Also, keep in mind the Goddess the Keepers worship the most is Menphina the Lover. There is argument that can be made for Keepers being accepting of love regardless of who that love is for.

In the end, the lack of specific info means you can do anything you want with this. Again, I'd say do what you think will be more fun to play out.


RE: Character dealing with culture complications (Love and Orientation stuff) - luxemas - 10-24-2016

(10-24-2016, 05:31 PM)Virella Wrote: Sexual orientation is NOT an issue in Eorzea. I wrote a whole thread about whatever information I could gather in terms of sexuality in Eorzea, this might help you a little bit.
I did see this post! It was helpful and more or less cemented my idea that Eorzea on the whole doesn't condemn such things.

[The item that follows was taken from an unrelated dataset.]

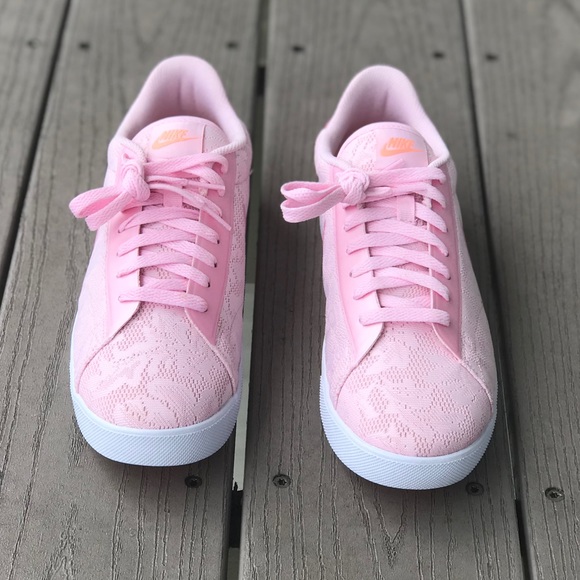 Nike Shoes - Nike Women’s Prism Ping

Still, I appreciate the input of everyone here since it does give me some perspective and impart some of their own personal interactions with such things. Given a lot of things regarding identity and orientation are very much related to personal attachment, that's mostly what I was trying to figure out and wanted to make a character who treats such things guided by the feelings in their heart rather than just a basic response to the popular societal opinion.

(10-24-2016, 05:39 PM)Knight Kat Wrote: Also, keep in mind the Goddess the Keepers worship the most is Menphina the Lover. There is argument that can be made for Keepers being accepting of love regardless of who that love is for.

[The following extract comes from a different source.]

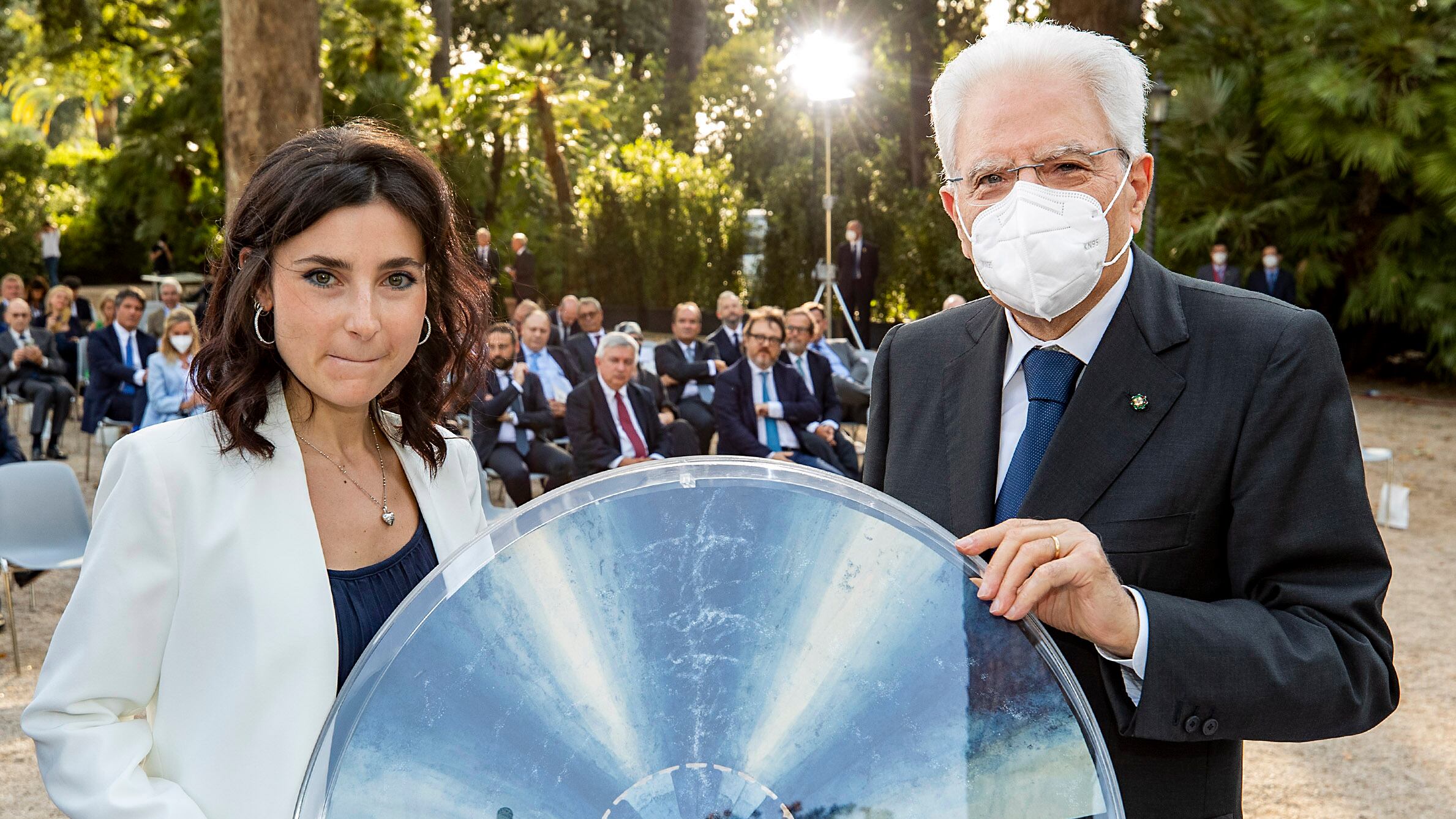 Mattarella blinda la ripartenza e anche il governo. "La vaccinazione è un dovere civico"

Also thank you for reminding me of that. I know I've read that elsewhere and I knew about it but it kinda kept slipping my mind on how that can relate to personal story things.


RE: Character dealing with culture complications (Love and Orientation stuff) - Valence - 10-25-2016

Probably would be seen as an oddity. But since male Keepers are mostly left on their own, wandering around, I really doubt that his... 'absence' in performing male duties will really be even noticed honestly. I'm sure they can do whatever the hell they want with little consequences (unlike male Seekers in a tribe).